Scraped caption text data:
################
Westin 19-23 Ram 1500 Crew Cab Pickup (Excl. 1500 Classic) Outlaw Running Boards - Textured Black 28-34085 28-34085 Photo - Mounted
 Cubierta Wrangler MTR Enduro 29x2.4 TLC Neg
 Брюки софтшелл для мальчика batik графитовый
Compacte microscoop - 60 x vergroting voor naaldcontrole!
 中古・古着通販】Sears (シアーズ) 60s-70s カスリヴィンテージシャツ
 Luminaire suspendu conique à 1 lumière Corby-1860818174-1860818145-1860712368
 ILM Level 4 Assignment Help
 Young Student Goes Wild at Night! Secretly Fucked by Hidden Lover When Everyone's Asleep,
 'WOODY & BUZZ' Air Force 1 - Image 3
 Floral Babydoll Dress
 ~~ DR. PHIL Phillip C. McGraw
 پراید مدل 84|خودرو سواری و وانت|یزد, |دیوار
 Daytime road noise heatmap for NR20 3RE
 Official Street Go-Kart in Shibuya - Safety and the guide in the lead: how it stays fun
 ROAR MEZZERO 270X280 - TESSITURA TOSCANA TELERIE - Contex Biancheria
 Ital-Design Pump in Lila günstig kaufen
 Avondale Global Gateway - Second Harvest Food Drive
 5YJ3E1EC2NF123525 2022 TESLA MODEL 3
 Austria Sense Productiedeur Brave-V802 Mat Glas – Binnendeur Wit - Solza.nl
################
Action item: Return only the exact lines from the opening of the records through the line that contains "Compacte microscoop - 60", both included.

Written response:
Westin 19-23 Ram 1500 Crew Cab Pickup (Excl. 1500 Classic) Outlaw Running Boards - Textured Black 28-34085 28-34085 Photo - Mounted
 Cubierta Wrangler MTR Enduro 29x2.4 TLC Neg
 Брюки софтшелл для мальчика batik графитовый
Compacte microscoop - 60 x vergroting voor naaldcontrole!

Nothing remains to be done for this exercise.